Mais la vie dans ces champs d’oliviers, c’était vraiment dur. On passait notre temps à fuir la police, on mangeait mal, on buvait très peu.
« Je fais encore des cauchemars de cette traversée »
Samedi 11 mai, le coaxeur nous a dit : ‘Tenez-vous prêts pour le départ, c’est aujourd’hui’. Il y a eu des cris de joie, mêlés de panique. Il nous a donné rendez-vous à minuit et demi sur une plage. En arrivant, j’ai vu le bateau qu’il nous avait trouvé : il était en fer et rempli d’eau. On l’a vidé un peu et ensuite j’ai aidé à le porter au large.
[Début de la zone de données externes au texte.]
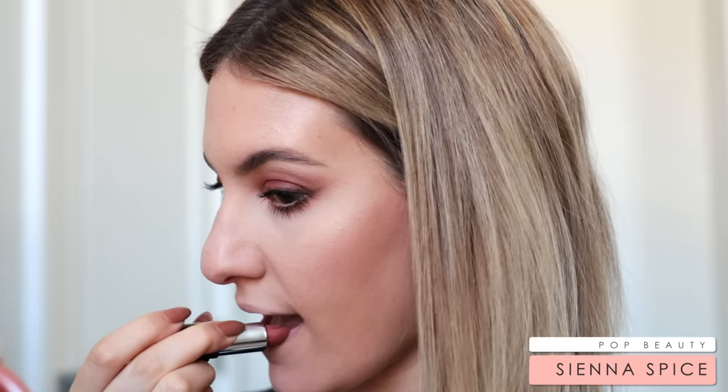For my blush, I keep it really nice and neutral since there are so many red tones on the eyes — I don't want to put too many red tones on the cheeks as well. This blush just adds the smallest amount of color to my cheeks without being too much. On my lips, I'm wearing what I would consider the perfect fall nude — it is Pop Beauty Sienna Spice. The Pop Beauty lipstick is very creamy and long-wearing with really nice pigment. This color is gorgeous for fall — it's not too light, not too dark, and has really gorgeous warm undertones that warm up the rest of the face.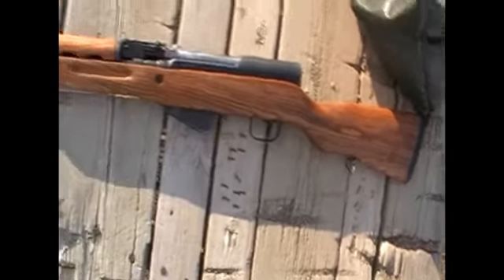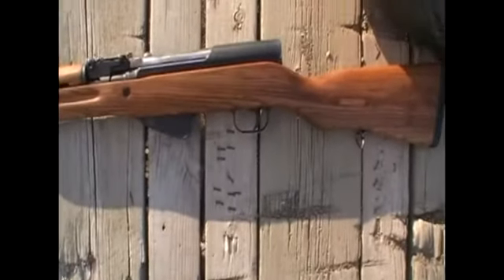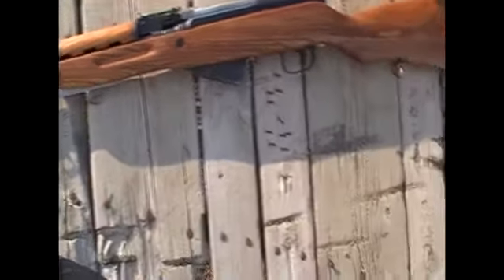Alright Gary, firearm number two is going to be something I just picked up today. It's a Yugoslavian SKS. This thing was beautiful — when I saw it, I just couldn't walk away from it. So let's take our first shots through it.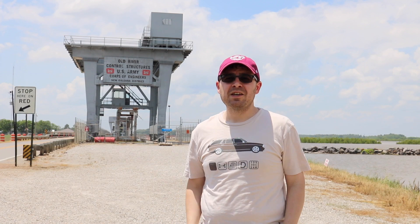Hey guys, Mr. Klein here, and I'm at the Old River Control Structure, smack dab in the middle of nowhere, Louisiana, at the confluence of the Mississippi, Red, and Atchafalaya Rivers.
Le fer m’a coupé les doigts.
Au moment où l’eau m’est arrivé au menton, j’ai grimpé dans l’embarcation, avec 42 autres passagers. On a démarré mais l’eau s’infiltrait déjà à l’intérieur. Avec d’autres passagers on a coupé nos bouteilles en plastique et on s’en est servi pour vider le bateau. Mais plus on avançait, plus c’était dur. La météo se dégradait. Les vagues tapaient contre la coque et faisaient pencher le canot. À chaque fois, mon cœur se soulevait. J’ai cru plusieurs fois que j’allais mourir.
Il y avait quatre femmes et un enfant de quatre ans avec nous. Je fais encore des cauchemars de cette traversée. Je rêve que je suis dans le bateau, je sens encore les vagues.
À 9h le matin, on a aperçu un navire des gardes-côtes tunisiens. Quand ils se sont approché, on les a suppliés de nous laisser continuer. Mais ils n’ont rien voulu savoir, et nous ont pris avec eux.
Quand j’y réfléchis, je me dis que finalement, c’était le destin. Si les autorités ne nous avaient pas arrêtés, je serais certainement mort.
Ils nous appelaient les ‘Africains’
Par contre, je ne m’attendais pas du tout à ce qui m’est arrivé ensuite : les gardes-côtes nous ont déposés dans le local de la Garde nationale de Sfax, et là, ils ont pris nos téléphones, nos pièces d’identité et toutes nos affaires. Je n’avais même plus de pull.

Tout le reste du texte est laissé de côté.